Speak dataholics, in today's post we will continue the theme of the last post, some really cool comments in the last post asking if Deletion Vector or Photon had been used in the tests between Merge and ReplaceWhere.
If you haven't read the last post yet, check it out:
In this post I showed the difference in performance between the Merge and ReplaceWhere commands, where ReplaceWhere when well applied is extremely more performant than the Merge command.

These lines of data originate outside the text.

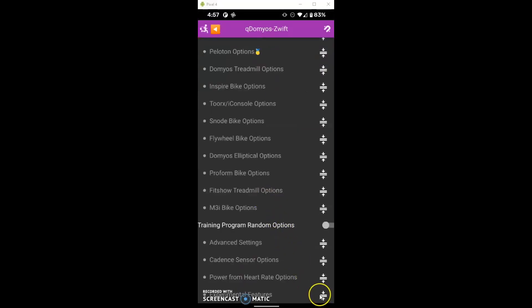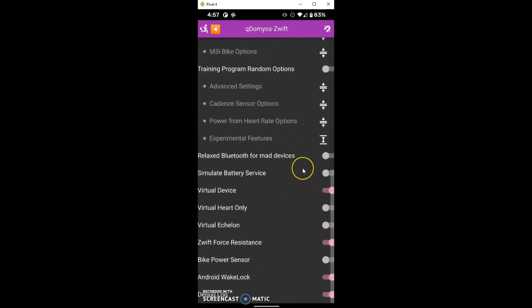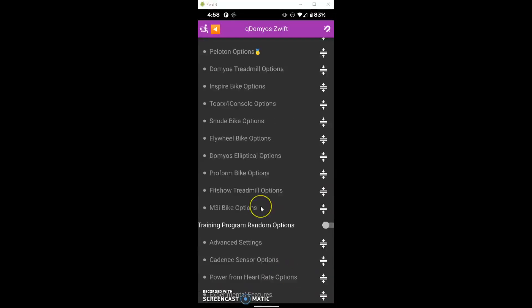The last section we're going to look at here are the experimental features, just to make sure that people's settings are similar to mine. Virtual device should be toggled on. Swift force resistance should be toggled on. I have Android wake lock on, and the debug log is on in case there are issues I want to send to Roberto. From my experience using the app, the rest of the options can just be left at default.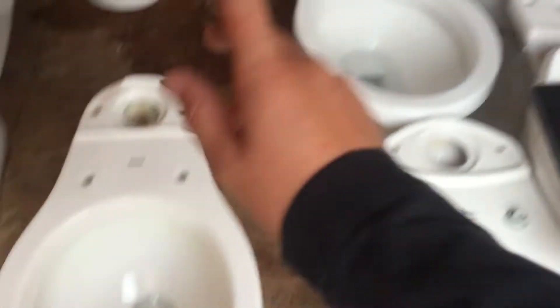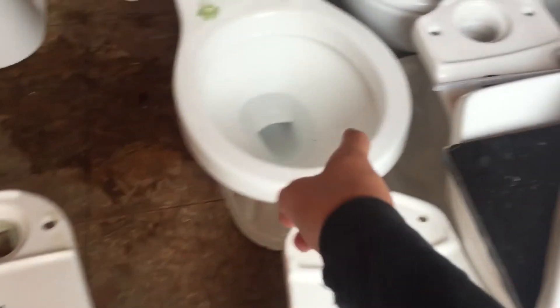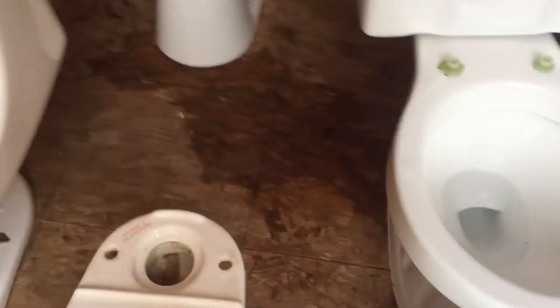These are the three new toilets, and I will be doing a video dedicated to each of these. This is pretty much my toilet shed so far. I got my Briggs Conserver, this one — I can't tell if it's like a Ferguson toilet, because there's a bunch of brands that make this — and then this Universal Rundle Athens.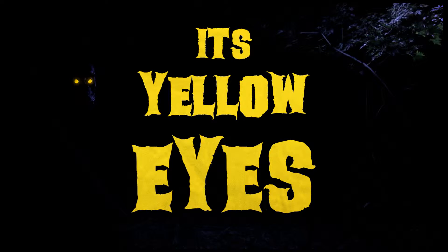Hey, what is up people? Terrell here, and today I wanted to talk about five things I learned while making my short horror film, It's Yellow Eyes. These are five filmmaking tips that I think could also apply to pretty much any type of video, and I wanted to share them. So let's get into it.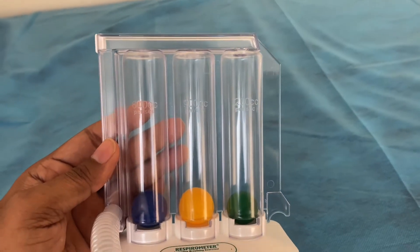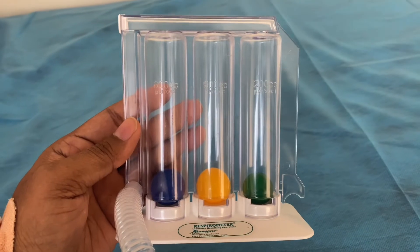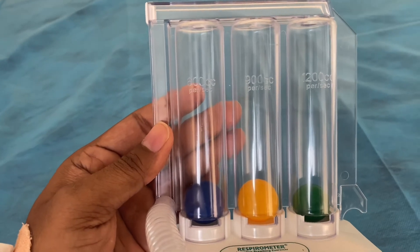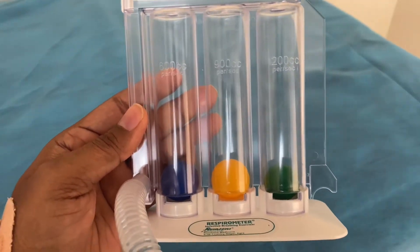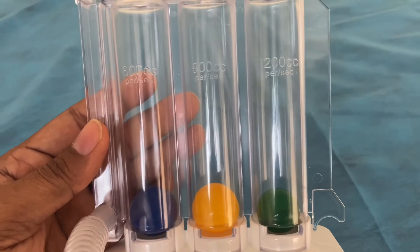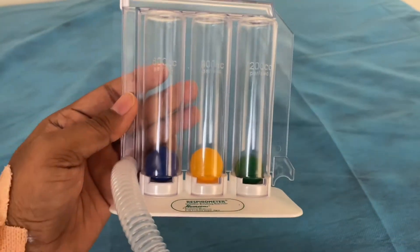The funny fact is, for me, when I started doing this, I was not able to push a single ball — not even the blue one which you can see at 600 cc. My health was so deteriorated. But now, it's God's grace, I have recovered and I can at least pass 900 cc, and I'm trying for 1200 cc. I'll show you this experiment now.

Some comments encouraged me to write this post, where we will show the Merge command acting in different engines and contexts.
This article is not about Photon itself, but after these tests, I will bring a lot more Photon things to the Blog.
What we will see in this post:
Deletion Vector
Photon
Predictive IO
Test parameters
Merge performance comparison
Delete performance comparison
Summary
How much did this comparison cost?
Deletion Vector
There's not much to say about Deletion Vector, as I already wrote this post below, despite it being old, its base hasn't changed:
Basically, Deletion Vector comes to optimize writing operations in Storage, commands such as Delete, Update and MERGE that do a lot of writing in Storage were optimized with this engine.
In a very simplistic way, the main purpose of Deletion Vector is to reduce writing to storage by using a vector map to mark changed records in a PARQUET .
In other words, if you change 1 record within 1 giant PARQUET, instead of the engine marking it as deleted and creating a new giant PARQUET , it simply creates a vector map with a few KBs , reducing writing and storage, in the post above there is a lot more details and technical explanation.
Photon
Photon is a Databricks query acceleration engine , focused on SQL code, it is an engine fully compatible with Spark APIS and can run your previously created codes without the need for changes, that is, all SQL code that already worked with Spark SQL on an All Purspose cluster, it works natively on Photon.
Photon is the native Engine of SQL Warehouse clusters, while in All Purpose or Jobs Clusters, it is optional and even when Photon is enabled in All Purpose clusters, the engine will not always be used, for this you must use SQL code, To ensure whether you used Photon or not, just look at the execution plan.
Photon is a completely new engine written in C++, it has several features to accelerate query performance, more efficient cache control, better treatments for aggregations and JOINs, which is why it is natively used for SQL Warehouse, where it is connected to visualization tools like Power BI.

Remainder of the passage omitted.